## Activity
The pictures in the listing below are to be skipped, while the lines between the line holding "Once Wappalizer is" and the line holding "Hey guys, in", inclusive, are to be output exactly.

## Recorded data
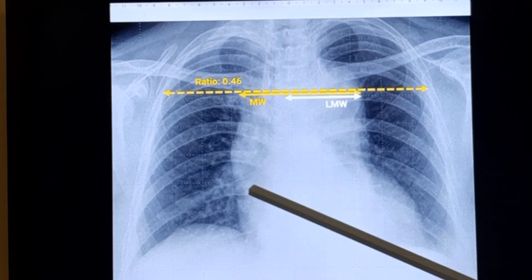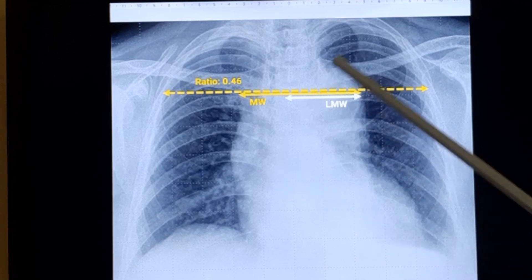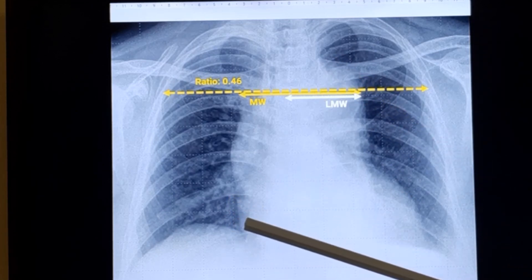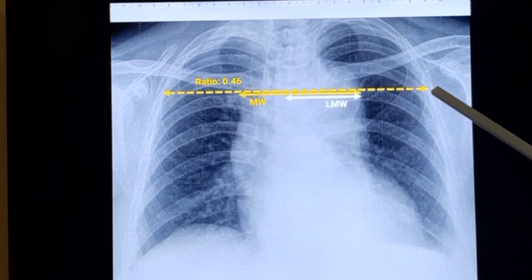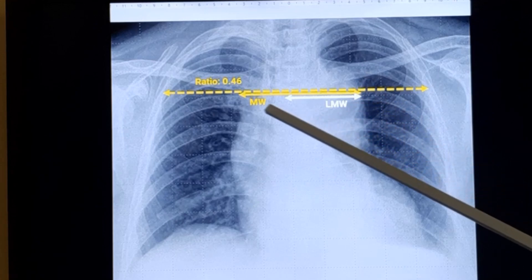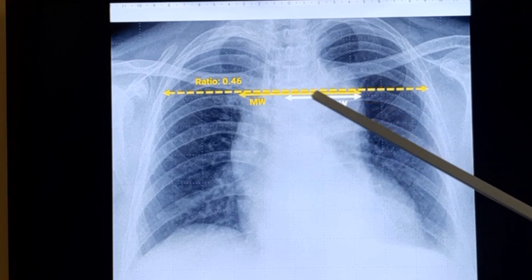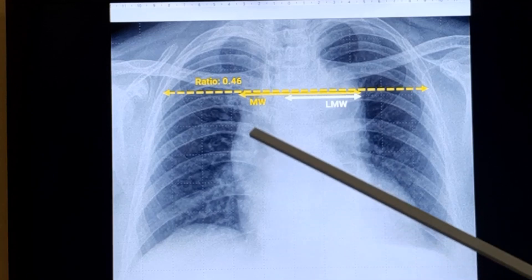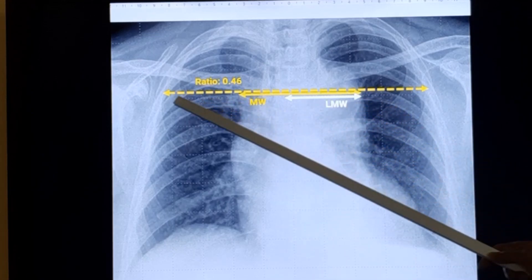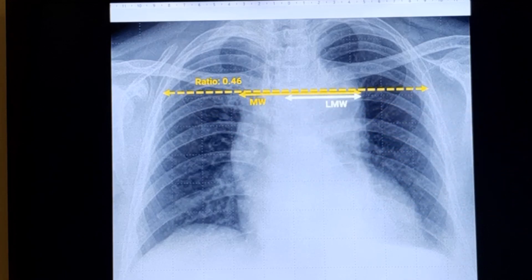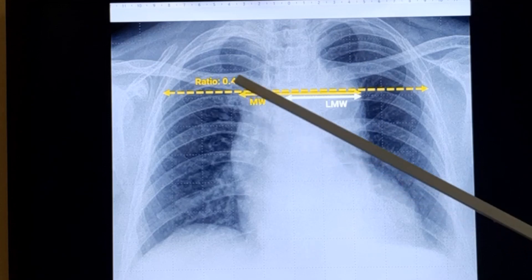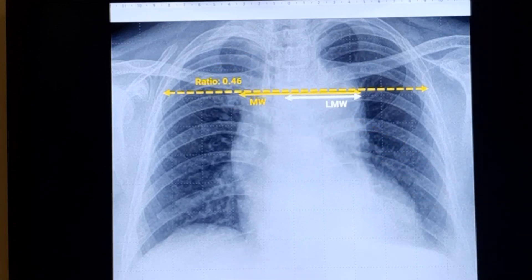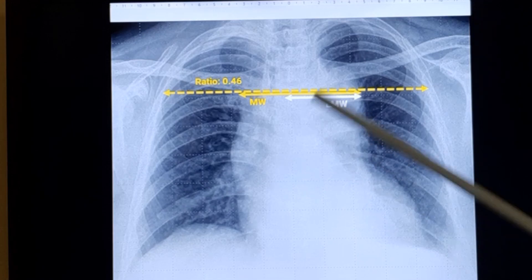When you look at the x-ray, another comparison you can make — since the size of x-ray films may be different — is to take the transverse thoracic diameter at the level of the aortic knob and compare it with the mediastinal width. A mediastinal width more than one-third of the transverse thoracic diameter at the level of the aortic knob will be suggestive. In this case, I measured it using the grid and ruler and found it to be 0.46, so it is definitely more than one-third. This is one way of quantifying.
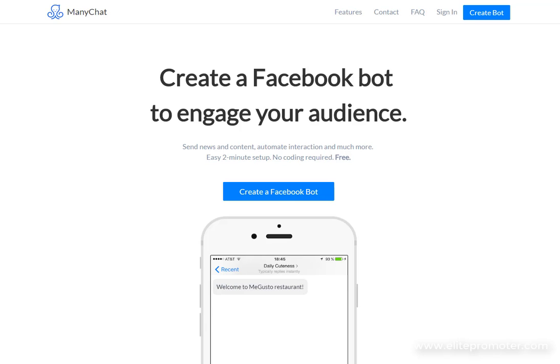So ManyChat is a Facebook Instant Messenger bot that allows you to automate a conversation between your business page and your potential customer and it also lets you build up a subscriber list of Facebook users.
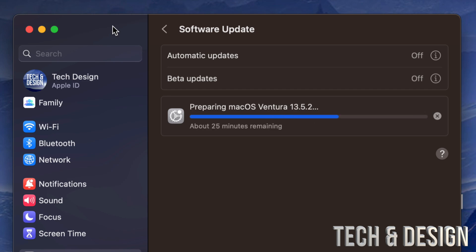Remember that not all Macs can actually update to the latest macOS because it does depend on their age. If you have an older Mac, it will have a maximum macOS that you can install on it, and that's so it can keep running smoothly.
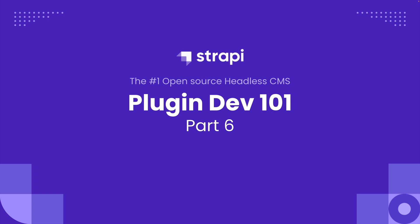Welcome back everybody to Plugin Development 101 Part 6 where we are building our to-do plugin with Strapi version 4. If this is the first video you're watching, please check out the cards above for the previous videos because this lesson is contingent upon what we learned before.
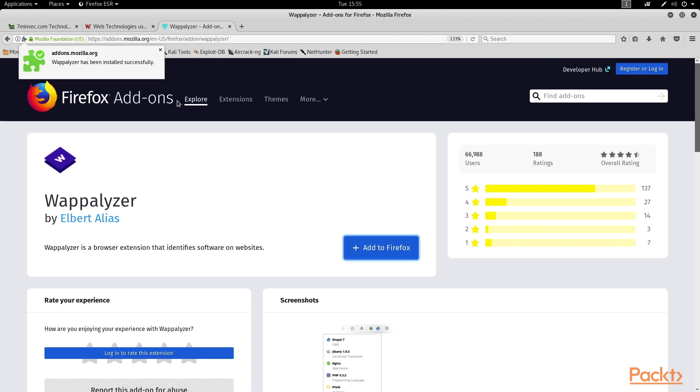Once Wappalizer is installed, it will passively gather information about every site we visit.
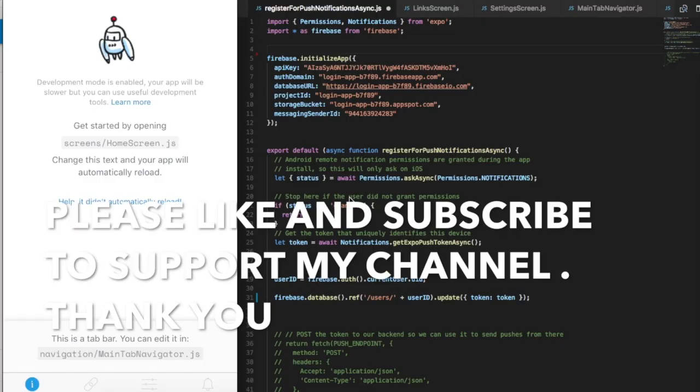Hey guys, in this video I'm going to show you how I managed to handle push notifications using React Native and Expo SDK. I'll show you quickly how last time I implemented push notifications by saving the token into Firebase, and then from Postman I was able to send a push notification to my device.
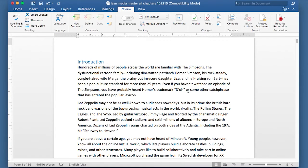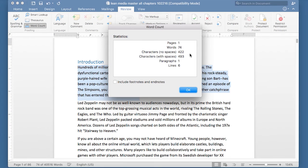Let's say you just want to see what a certain paragraph is in terms of length. Easy — highlight it, go to the Word Count button and click it, and it will show you: 74 words long. It will also show you characters with and without spaces. This is useful if you're using an online form or software where it only allows a text entry of 100 characters, including spaces. You can use the word count feature in Microsoft Word to figure that out.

## Response for this exercise
Once Wappalizer is installed, it will passively gather information about every site we visit.
Hey guys, in this video I'm going to show you how I managed to handle push notifications using React Native and Expo SDK. I'll show you quickly how last time I implemented push notifications by saving the token into Firebase, and then from Postman I was able to send a push notification to my device.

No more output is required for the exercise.